Source ingest is the process of getting a repository's code into a form Vega can scan. The backend supports two intake methods: fetching from a Git URL and extracting a user-uploaded archive.

Intake methods

Git fetch

When a user provides a Git URL, app/projects/fetcher.py clones the repository into a local directory (or a temporary path before snapshot upload). The fetcher handles:

  • Shallow clones to avoid downloading unnecessary history
  • Authentication for private repositories (if credentials are configured)
  • Walking the source tree to build a file listing

Zip/archive upload

Users can also upload a zip or tar archive. The upload flow:

  1. app/uploads/service.py handles the multipart form upload.
  2. app/storage/archive.py extracts the archive safely, enforcing the limits below.
  3. The extracted source directory becomes the snapshot.

Git upload (programmatic)

app/git_upload/service.py handles a special case: creating a temporary git remote that clients can git push to. This is used for programmatic or CI-driven workflows where you want to push code rather than specify a URL.

Archive safety

Archive extraction is a security boundary. A malicious user could craft an archive that: - Extracts files outside the intended directory (path traversal, e.g., ../../etc/passwd) - Contains millions of tiny files that exhaust disk space (zip bomb) - Has a huge uncompressed-to-compressed ratio (zip bomb variant)
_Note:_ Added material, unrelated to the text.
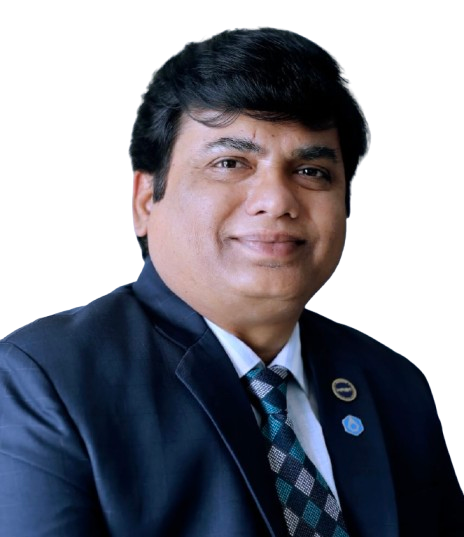 D.Suresh Kumar Reddy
app/storage/archive.py enforces these limits:

Setting Default What it prevents
VEGA_MAX_SOURCE_BYTES 2 GB Archives larger than this are rejected before extraction
VEGA_MAX_ARCHIVE_ENTRIES 50,000 Archives with too many files are rejected
VEGA_MAX_ARCHIVE_FILE_BYTES (per file) Individual files larger than this are rejected
VEGA_MAX_ARCHIVE_UNCOMPRESSED_BYTES 5 GB Total extracted size cap

Path traversal is detected and rejected before any file is written.

Snapshot storage

After ingest, the source is stored as an immutable snapshot:

Snapshots are stored in directories under data/snapshots/. The snapshot path is recorded in the repository record. Scans access source directly from this path.

Snapshots are uploaded as zip archives to the S3 source bucket. The S3 object key is stored in the repository record. Runner tasks download the snapshot from S3 before scanning.

The key backend settings:

# Local storage (default)
VEGA_FILE_STORAGE_BACKEND=local

# S3 storage (production)
VEGA_FILE_STORAGE_BACKEND=s3
VEGA_S3_SOURCE_BUCKET=vega-prod-source-abc123

Debugging ingest failures

Git clone failing: 1. Check that the URL is correct and accessible from the machine running the API. 2. For private repos, check whether git credentials are configured. 3. Check API logs for git error output.

Archive upload failing: 1. Check whether the upload exceeded any of the size limits above. 2. Look for path traversal errors in the API logs — if the archive contains ../ paths, it will be rejected. 3. Check that the data/uploads/ directory is writable (local) or the S3 bucket is accessible (production).

Snapshot upload to S3 failing: 1. Confirm VEGA_FILE_STORAGE_BACKEND=s3. 2. Confirm VEGA_S3_SOURCE_BUCKET is set to the correct bucket name. 3. Confirm the API task role has s3:PutObject on the bucket. 4. Check API logs for S3 client errors.